"As an 18-year-old I was working as a healthcare assistant in a care of the elderly hospital in my home town Galashiels, just south of Edinburgh, to get some experience before starting my nursing degree.
"There was an elderly woman who was bed bound and needed total care. She had a dull glazed lifeless expression. She never spoke, except to whimper when being turned. Her world was staring at one wall, the ceiling or the ward, as she was turned twice hourly.
"In my view, her quality of life was minimal. One Saturday, whilst damp dusting the lockers, I found an old Bible stuffed at the back of her drawer. Not sure if I would get into trouble, I asked her if she would like me to read to her.
"I can remember the change in her expression, even now. Her eyes lit up, she reached for my hand and tried to mouth the words as I read. She had a spiritual need, in this case a religious one (it could have been a piece of literature, poem or something else of importance to the person).
"I remember thinking, if meeting a ‘spiritual’ need can make such a big difference, why is spiritual care not part of what a nurse does?
"In my undergraduate dissertation, I looked at what the literature had to say about that and found that, although it was a central part of the nurse’s role in theory, it seemed to be missing in practice.
"I worked as a staff nurse for two years between my first degree and PhD. There I noticed some patients who, despite pretty awful prognoses, were determined to pull through (perhaps to see a grandchild born, or a wedding take place) and survived longer than expected. Others appeared to ‘give up’ and died shortly afterwards.
"This led me to question the power of the ‘will to live’ or ‘hope’, for recovery, wellbeing and quality of life. If hope is so important, how can we as nurses harness that to assist our patients on the road to recovery or to alleviate their suffering?
"I wanted to find out what nurses thought about this, and this led me to my PhD, the first study of its kind."

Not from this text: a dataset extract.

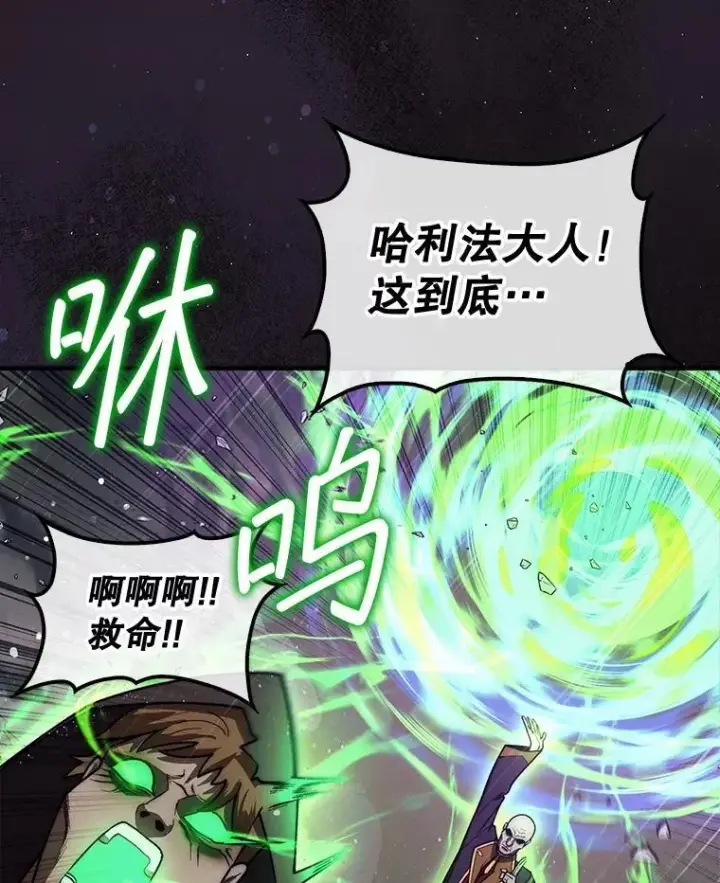 漫画《第31枚棋子打翻棋盘》45.死灵体卡伦第163张图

"In my PhD I identified that nurses saw spiritual care as an important part of their role but felt unprepared for it and wanted education.
"Almost two decades later, the Royal College of Nursing (RCN) found that little had changed; in a 2010 survey of over 4000 members, nurses were still saying that spiritual care was important but they needed more training.

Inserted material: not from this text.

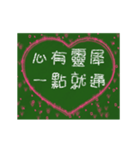 愛の8単語 (Ch)（個別スタンプ：11）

"Other researchers from England (Professor McSherry); Norway (Professor Giske), Malta (late Professor Baldacchio) and the Netherlands (Professor van Leuuwen) came on the scene asking similar questions. We sought each other out at international conferences and joined forces to create a research network to look at how we might meet nurses' request for more education in this area.
"USW and RCN funding enabled us to carry out a landmark study (2010-2015) involving over 2,000 students from 21 universities in eight countries to identify what helps students become competent in spiritual care.
"At the same time, Josephine Attard, one of my PhD students, developed the first set of spiritual care competencies for nursing and midwifery students.
"This group, together with Tormod Kleiven (Norway), has led the Erasmus+ funded EPICC Project, the first European collaborative piece of work seeking to make a difference to nurse/midwifery spiritual care education using the best available evidence."
EPICC has brought together around 30 nurse/midwifery educators from 24 countries to co-produce a set of spiritual care competencies, an educational matrix and a toolkit containing teaching and learning activities, all housed on the EPICC website.
The competencies and toolkit are being used to enhance spiritual care education in pre-registration nursing/midwifery programmes in different countries.
In Wales, the spiritual care competencies are informing the re-write of pre-registration nursing/midwifery curricula. Students will be assessed on these competencies both in university and in clinical practice. Discussions are underway with Health Education Improvement Wales about the competencies being used in pre-registration education of other health care professionals as well as in upskilling of the current NHS workforce by targeting post-registration education of health care professionals, and in training of ancillary staff.
I think targeting all NHS staff in this way is important in effecting an ethos of care and compassion within the entire organisation, a vision of Vaughan Gething’s in his speech almost a year ago when he aspired to Wales becoming the first compassionate country.
Who stands to benefit from this research?
Patients and families; nurses by bringing greater job satisfaction; and health service providers where value-based care is important.
What will it change?
Hopefully, it will produce nurses/midwives who can put the person and what’s most important to them at the heart of everything they do."
What remains to be done?
We need more work to see if the new education programmes (with a spiritual care component) produce more spiritually competent nurses who are able to tailor care to address what’s most important to people, and if the spiritual care competencies are helpful in assessing that.